13 Templates [temp]

13.7 Template declarations [temp.decls]

13.7.2 Class templates [temp.class] General [temp.class.general]

A class template defines the layout and operations for an unbounded set of related types.
[Example 1:
A single class template List might provide an unbounded set of class definitions: one class List<T> for every type T, each describing a linked list of elements of type T.
Similarly, a class template Array describing a contiguous, dynamic array might be defined like this: template<class T> class Array { T* v; int sz; public: explicit Array(int); T& operator[](int); T& elem(int i) { return v[i]; } };
The prefix template<class T> specifies that a template is being declared and that a type-name T may be used in the declaration.

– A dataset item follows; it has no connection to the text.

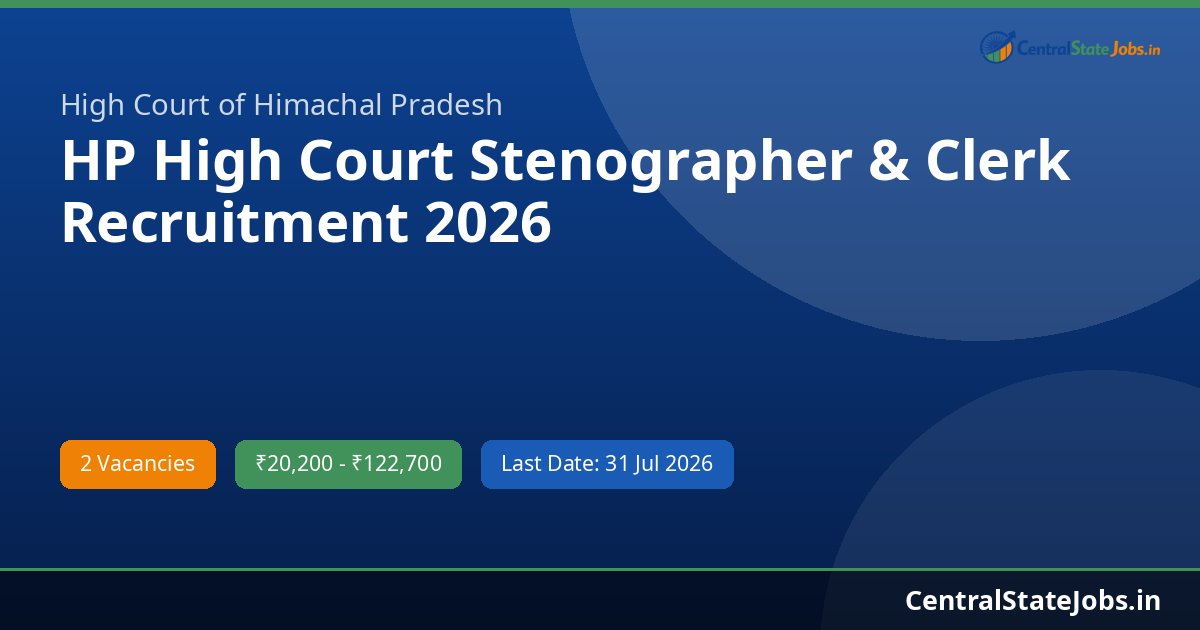 HP High Court Stenographer & Clerk Recruitment 2026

In other words, Array is a parameterized type with T as its parameter.
— end example]
When a member function, a member class, a member enumeration, a static data member or a member template of a class template is defined outside of the class template definition, the member definition is defined as a template definition in which the template-head is equivalent to that of the class template ([temp.over.link]).

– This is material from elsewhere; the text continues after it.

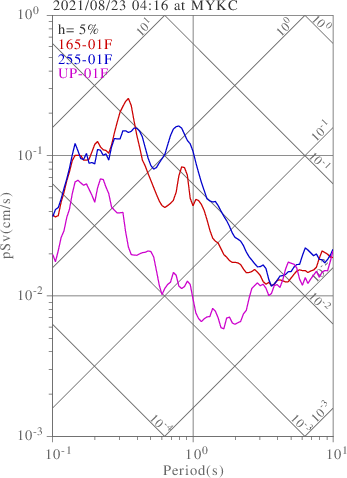 sv graph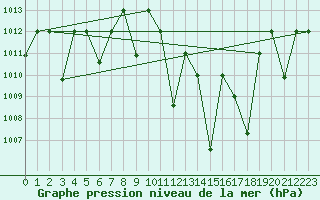 Courbe de la pression atmosphrique pour Remada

The names of the template parameters used in the definition of the member may be different from the template parameter names used in the class template definition.
The template argument list following the class template name in the member definition shall name the parameters in the same order as the one used in the template parameter list of the member.
Each template parameter pack shall be expanded with an ellipsis in the template argument list.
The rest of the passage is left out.